In one arrangement, the first wheel comprises a second surface, the second surface comprises a grinding surface. In one arrangement, the first wheel comprises a second surface, the second surface comprises a polishing surface. In one arrangement, the first wheel comprises a second surface, this second surface comprises an abrasive diamond coated layer. In one arrangement, the first wheel comprises a second surface, wherein this second surface comprises a Corundum surface. In one arrangement, the first wheel comprises a second surface, wherein this second surface comprises a ceramics surface.

In one arrangement, the body comprises a uniform body such as a cylindrical body. Alternatively, in one arrangement, the body comprises a non-uniform body. In one arrangement, the non-uniform body comprises a multi-sided body. In one arrangement, the body comprises a hexagonal body.

In one arrangement, an outer diameter of the body is not equivalent to an outer diameter of the first wheel. In one arrangement, an outer diameter of the body is equivalent to an outer diameter of the first wheel.

In one arrangement, the first wheel comprises a metallic material, such as a stainless steel.

In one arrangement, the first magnetic portion rotates simultaneously with the first wheel.

In one arrangement, the first wheel comprises a concave recess along a radially extending portion of the first wheel. In one arrangement, an elastic member is placed within the concave recess.

In one arrangement, the first wheel comprises a spiral raceway provided along a second surface of the first wheel.

In one arrangement, the spiral raceway is milled into the second surface of the second wheel at approximately a 90-degree angle.

In one arrangement, the first wheel comprises a second surface wherein a circular recess is milled along the second surface of the first wheel. In one arrangement, the circular recess milled along the second surface of the first wheel comprises a first recess diameter.

Other embodiments also exist. The features, functions, and advantages can be achieved independently in various embodiments of the present disclosure or may be combined in yet other embodiments in which further details can be seen with reference to the following description and drawings.
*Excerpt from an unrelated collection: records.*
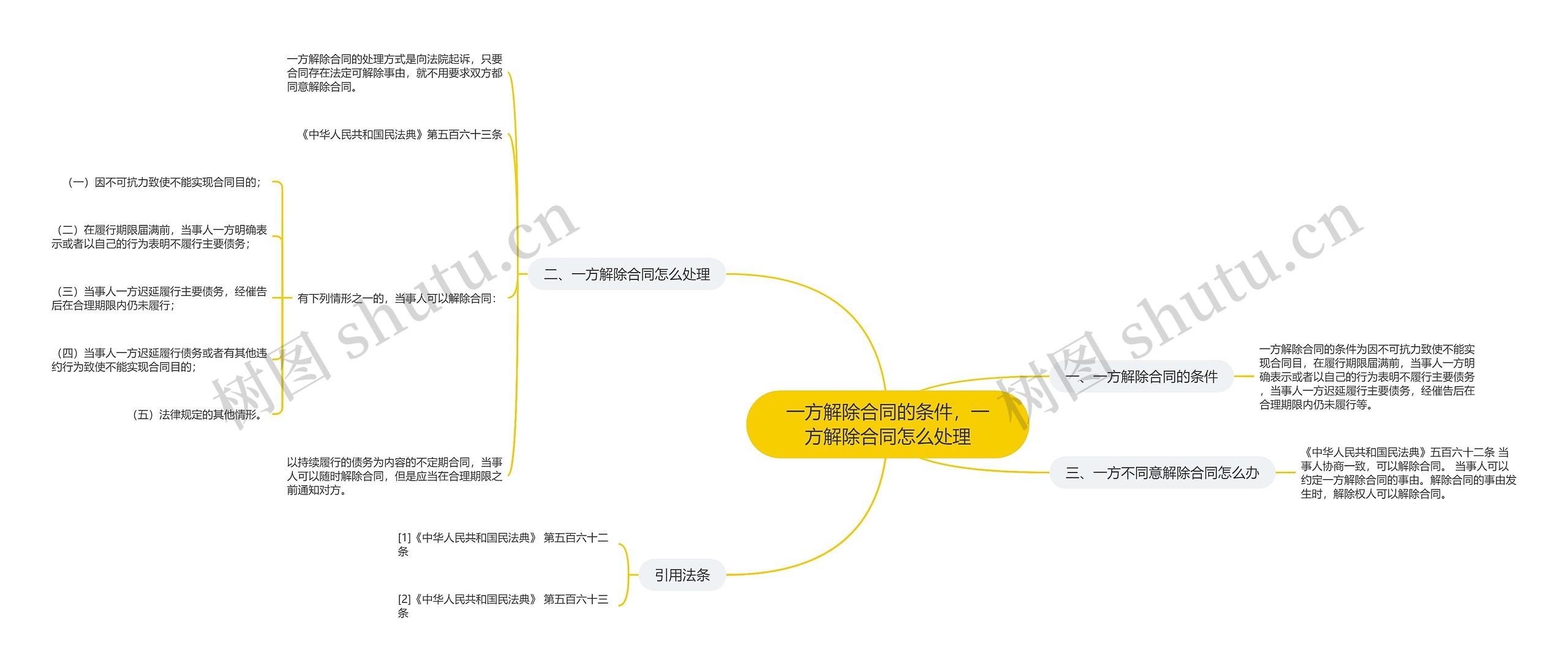 一方解除合同的条件，一方解除合同怎么处理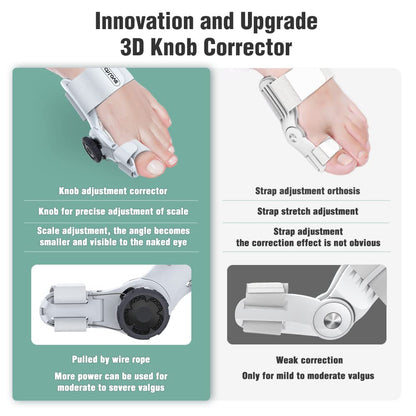 Bunion Splint Big Toe Corrector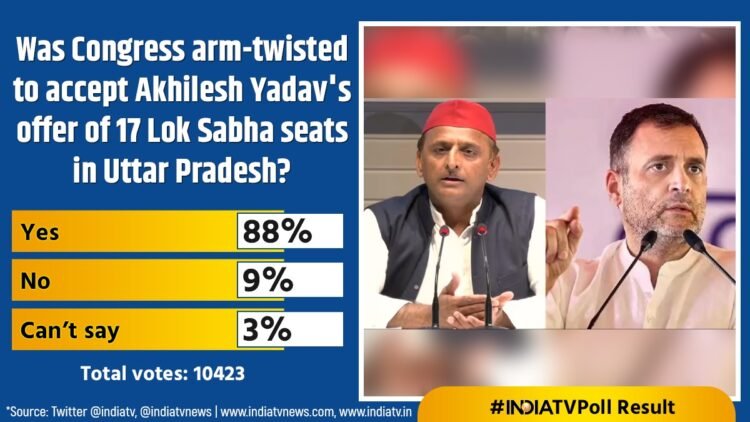 Did Congress accept Akhilesh Yadavs offer of 17 Lok Sabha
BRIEF DESCRIPTION OF THE DRAWINGS

The novel features believed characteristic of the illustrative embodiments are set forth in the appended claims. The illustrative embodiments, however, as well as a preferred mode of use, further objectives and descriptions thereof, will best be understood by reference to the following detailed description of one or more illustrative embodiments of the present disclosure when read in conjunction with the accompanying drawings, wherein:

FIG. 1 illustrates a perspective view of a sharpening apparatus, according to an example embodiment; and

FIG. 2 illustrates an exploded view of a sharpening apparatus, such as the sharpening apparatus illustrated in FIG. 1.

While the disclosure is susceptible to various modifications and alternative forms, specific embodiments have been shown by way of example in the drawings and will be described in detail herein. However, it should be understood that the disclosure is not intended to be limited to the particular forms disclosed. Rather, the intention is to cover all modifications, equivalents and alternatives falling within the spirit and scope of the invention as defined by the appended claims.

DETAILED DESCRIPTION

The following detailed description describes various features and functions of the disclosed systems and methods with reference to the accompanying figures. The illustrative system and method embodiments described herein are not meant to be limiting. It may be readily understood that certain aspects of the disclosed systems and methods can be arranged and combined in a wide variety of different configurations, all of which are contemplated herein.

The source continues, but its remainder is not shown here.